-- Opening Marker --

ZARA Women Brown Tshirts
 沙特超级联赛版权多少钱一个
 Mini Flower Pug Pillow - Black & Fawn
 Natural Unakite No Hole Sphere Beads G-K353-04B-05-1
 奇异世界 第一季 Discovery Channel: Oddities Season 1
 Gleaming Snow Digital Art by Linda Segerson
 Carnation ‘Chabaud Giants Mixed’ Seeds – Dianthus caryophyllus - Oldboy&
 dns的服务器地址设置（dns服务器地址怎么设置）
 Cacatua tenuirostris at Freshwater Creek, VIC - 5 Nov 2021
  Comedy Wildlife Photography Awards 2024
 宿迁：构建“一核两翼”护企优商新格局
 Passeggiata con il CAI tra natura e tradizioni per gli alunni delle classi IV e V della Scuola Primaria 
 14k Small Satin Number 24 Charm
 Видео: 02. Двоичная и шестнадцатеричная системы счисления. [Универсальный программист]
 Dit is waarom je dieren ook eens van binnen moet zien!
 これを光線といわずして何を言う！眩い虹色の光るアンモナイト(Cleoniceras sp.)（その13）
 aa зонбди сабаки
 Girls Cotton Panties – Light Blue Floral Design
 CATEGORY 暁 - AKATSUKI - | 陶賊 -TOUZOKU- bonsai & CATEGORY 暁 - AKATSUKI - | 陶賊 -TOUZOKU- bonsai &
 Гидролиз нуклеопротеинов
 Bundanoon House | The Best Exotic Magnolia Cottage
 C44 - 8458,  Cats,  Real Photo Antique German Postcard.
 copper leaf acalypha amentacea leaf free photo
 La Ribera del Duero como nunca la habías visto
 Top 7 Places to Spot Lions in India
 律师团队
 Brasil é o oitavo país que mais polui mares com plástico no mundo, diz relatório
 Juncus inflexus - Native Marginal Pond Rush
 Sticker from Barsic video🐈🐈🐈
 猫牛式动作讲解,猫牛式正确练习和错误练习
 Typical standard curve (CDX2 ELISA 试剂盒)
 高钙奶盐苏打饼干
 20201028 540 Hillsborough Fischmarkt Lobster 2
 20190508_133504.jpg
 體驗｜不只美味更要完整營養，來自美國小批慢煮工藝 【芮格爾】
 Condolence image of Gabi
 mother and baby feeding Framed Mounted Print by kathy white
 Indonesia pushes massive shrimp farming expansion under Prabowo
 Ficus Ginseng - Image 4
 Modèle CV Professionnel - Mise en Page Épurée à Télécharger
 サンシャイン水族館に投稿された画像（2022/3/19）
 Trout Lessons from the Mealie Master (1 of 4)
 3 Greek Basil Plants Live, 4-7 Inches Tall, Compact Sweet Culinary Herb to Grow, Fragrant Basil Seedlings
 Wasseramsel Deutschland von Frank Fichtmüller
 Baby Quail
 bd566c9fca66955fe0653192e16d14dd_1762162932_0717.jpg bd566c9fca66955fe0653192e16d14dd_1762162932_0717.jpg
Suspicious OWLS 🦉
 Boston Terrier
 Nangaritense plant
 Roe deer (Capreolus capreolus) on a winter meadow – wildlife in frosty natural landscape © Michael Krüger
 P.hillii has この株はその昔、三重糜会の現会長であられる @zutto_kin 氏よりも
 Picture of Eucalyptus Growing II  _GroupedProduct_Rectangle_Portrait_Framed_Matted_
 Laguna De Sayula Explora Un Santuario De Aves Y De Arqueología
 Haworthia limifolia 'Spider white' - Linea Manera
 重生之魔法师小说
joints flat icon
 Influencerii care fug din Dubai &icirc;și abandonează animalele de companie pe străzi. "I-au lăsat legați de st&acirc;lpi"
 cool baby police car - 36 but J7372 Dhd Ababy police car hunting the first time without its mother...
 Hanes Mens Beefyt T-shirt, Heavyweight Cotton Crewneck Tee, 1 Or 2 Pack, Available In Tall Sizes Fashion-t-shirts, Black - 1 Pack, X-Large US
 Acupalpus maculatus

-- Closing Marker --

> [WHAT TO DO]:
When a line in the data holds the word "Tall", show that line.

> [ANSWER SPACE]:
 3 Greek Basil Plants Live, 4-7 Inches Tall, Compact Sweet Culinary Herb to Grow, Fragrant Basil Seedlings
 Hanes Mens Beefyt T-shirt, Heavyweight Cotton Crewneck Tee, 1 Or 2 Pack, Available In Tall Sizes Fashion-t-shirts, Black - 1 Pack, X-Large US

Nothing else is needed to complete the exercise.